Journalists reported they were ordered out of the devastated eastern Libyan city of Derna on Tuesday, the day after protesters torched the home of the ousted mayor in fury over the authorities' failure to protect the city from floods.

Officials in the administration that runs the east denied they were forcing reporters out of the city. Essam Abu Zriba, interior minister in the eastern administration, told Arab TV channel al Hadath that journalists and aid workers were operating normally.

Arab broadcaster Al Hurra reported that the authorities had asked all journalists to depart as soon as possible. An Al Jazeera correspondent reporting from the city said he had been told to leave.

Hichem Abu Chkiouat, minister of civil aviation in the administration that runs eastern Libya, told Reuters by phone that some journalists had been told to move, in a step unrelated to the protests there overnight.

"It is an attempt to create better conditions for the rescue teams to carry out the work more smoothly and effectively," he said. "The large number of journalists has become an impediment to the work of rescue teams."

He later said reporters were not being told to leave Derna altogether, only to leave areas where their presence might hinder rescue operations.

People gather for a demonstration outside the surv
People gather for a demonstration outside the surviving Al-Sahaba mosque in Derna on 18 September 2023. (Photo by Hussam AHMED / AFP)

Monday's mass demonstration was the first reported in the city since it was hit by the worst natural disaster in Libya's history a week earlier. Communications links to the city, which had functioned despite the flood, were shut down on Tuesday morning. Thousands of people were confirmed killed and thousands more are still missing from the 10 September flood, when dams burst above Derna in a storm, unleashing a torrent of water that swept away the centre of the city.

On Monday demonstrators crowded into the square in front of Derna's landmark gold-domed Sahaba mosque chanting slogans. Some waved flags from atop the mosque's roof. Later in the evening, they torched the house of Mayor Abdulmenam al-Ghaithi, his office manager told Reuters.

The government administering eastern Libya said Ghaithi had been suspended as mayor and all members of the Derna city council had been dismissed from their posts and referred to investigators.

A week after the disaster, swathes of Derna remain a muddy ruin, roamed by stray dogs, with families still searching for missing bodies in the rubble.

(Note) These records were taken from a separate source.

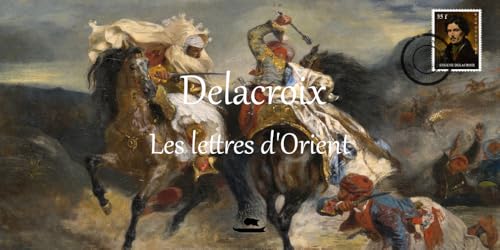 Delacroix, Les lettres d'Orient von PYTHEAS
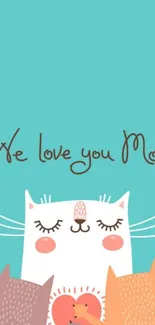 Adorable cats cuddling with 'We love you Mom' text in turquoise background.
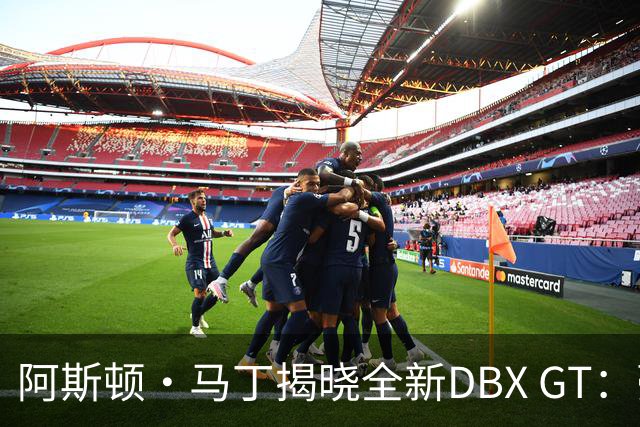 阿斯顿·马丁揭晓全新DBX GT：豪华与性能的完美舞蹈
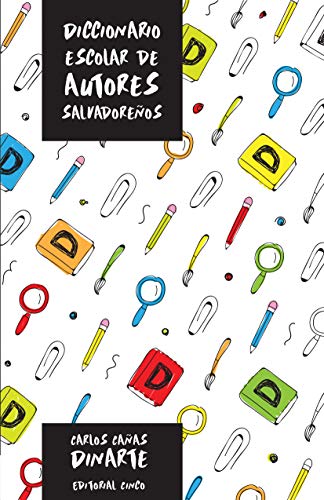 Diccionario Escolar de Autores Salvadoreños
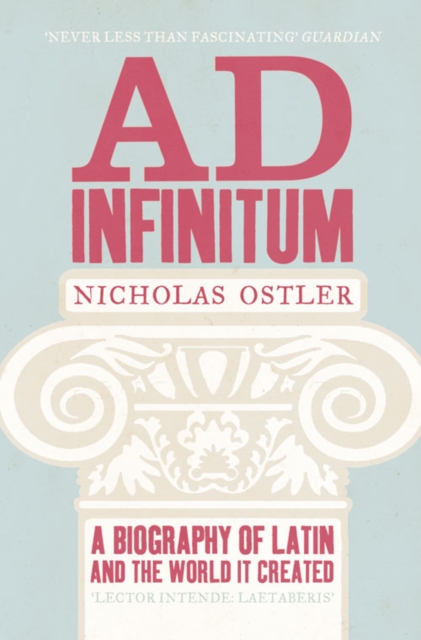 Ad Infinitum : A Biography of Latin, Paperback / softback Book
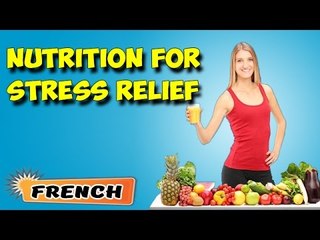 Nutritional Management For Stress Relief | About Yoga in French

Angry residents say the disaster could have been prevented. Officials acknowledge that a contract to repair the dams after 2007 was never completed, blaming insecurity in the area.

Libya has been a failed state for more than a decade, with no government exercising nationwide authority since Muammar Gaddafi was toppled in 2011. Derna has been controlled since 2019 by the Libyan National Army which holds sway in the east. For several years before that it was in the hands of militant groups, including local branches of Islamic State and al Qaeda.

The demonstrators denounced the eastern-based parliament speaker Aguila Saleh, who has called the flood a natural catastrophe that could not be avoided.

"Aguila we don't want you! All Libyans are brothers!" protesters chanted.

Mansour, a student taking part in the protest, said he wanted an urgent investigation into the collapse of the dams, which "made us lose thousands of our beloved people".

Taha Miftah, 39, said the protest was a message that "the governments have failed to manage the crisis", and that the parliament was especially to blame.

The full scale of the death toll has yet to emerge, with thousands of people still missing. Officials have given widely varying death tolls. The World Health Organisation has confirmed 3 922 deaths.